Mmmm, Hunter63...those are _ALMOST_ as cold as I like them! Heheh.


----------



## hunter63

Fine line between just right and froze!

Our instructor in HVAC classes warned us about the dangers of keeping fridges and freezers out in the cold.
We when to his house to to a "Heat load estimation" and lo and behold there was his beer fridge in the garage.
When asked what gives, his answer was simply what has been suggested, unplug when too cold, let mother nature keep the beer cold.

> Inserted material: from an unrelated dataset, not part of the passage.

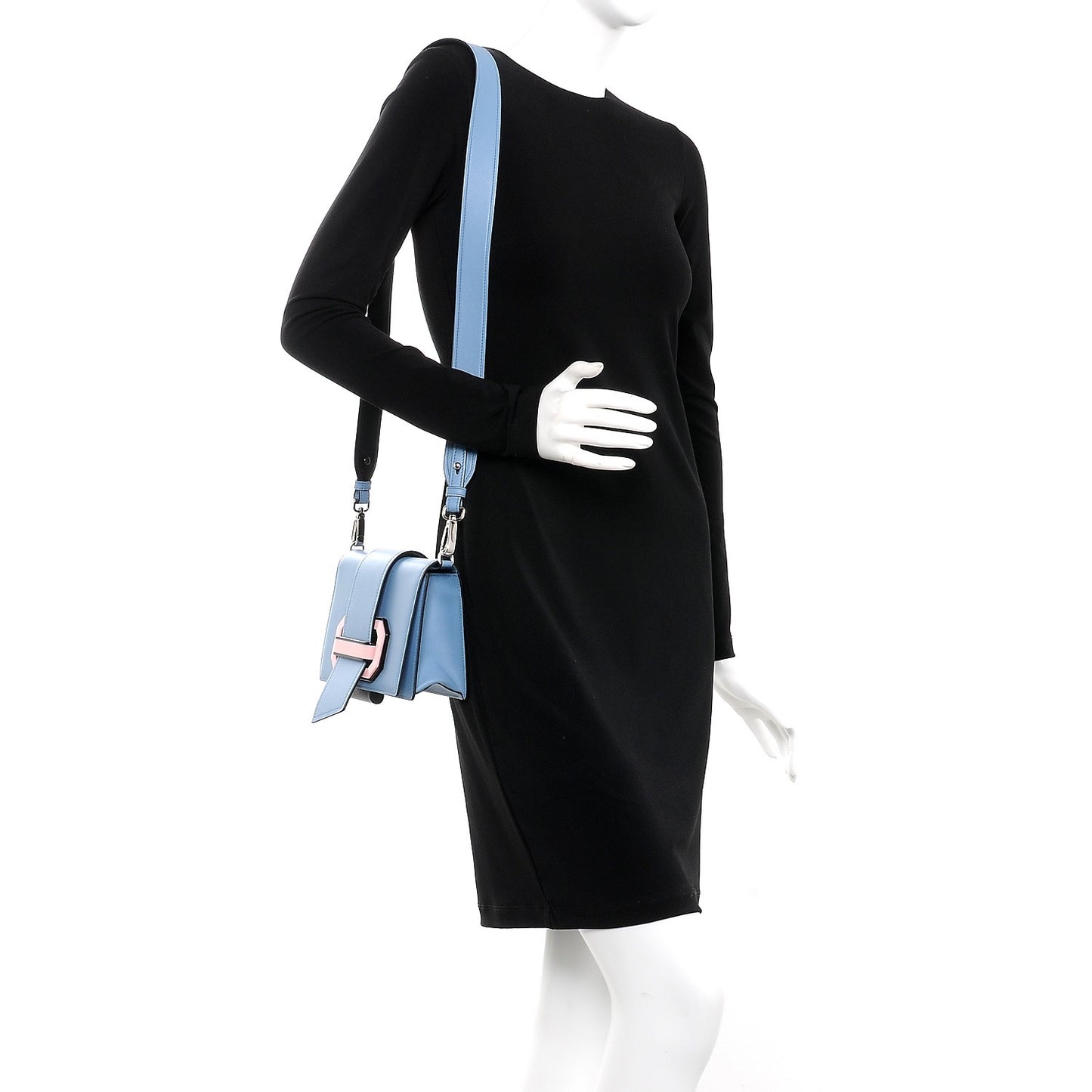 City Calf Plex Ribbon Bag Astrale Rosa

Actually he had wired a line voltage temp control, called a "freeze stat" to cut power when below a certain temp.


----------



## agmantoo

It would be a simple matter to install a thermostat on the AC receptacle to where the thermostat would open when the outside temps drop below where you wanted thus inhibiting the freezer from running. A benefit would also be a reduction in power consumption and no wasted energy running a heater. The system so done would be self monitoring as to the outside temps. Should only cost a few bucks for a surplus freezer thermostat.


----------



## Milkwitch

OMG I have had my freezers out in the barn for three years now! I have not noticed any problems, but I WILL NOW! Darn IT! It has been 25 below for the past month! 
They were there all last winter to! (all our winters are very cold) I do unplug them most of the winter thou.
could it be the coolant just freezes and the thing does not work, and then thaws and does? I am worried now....


----------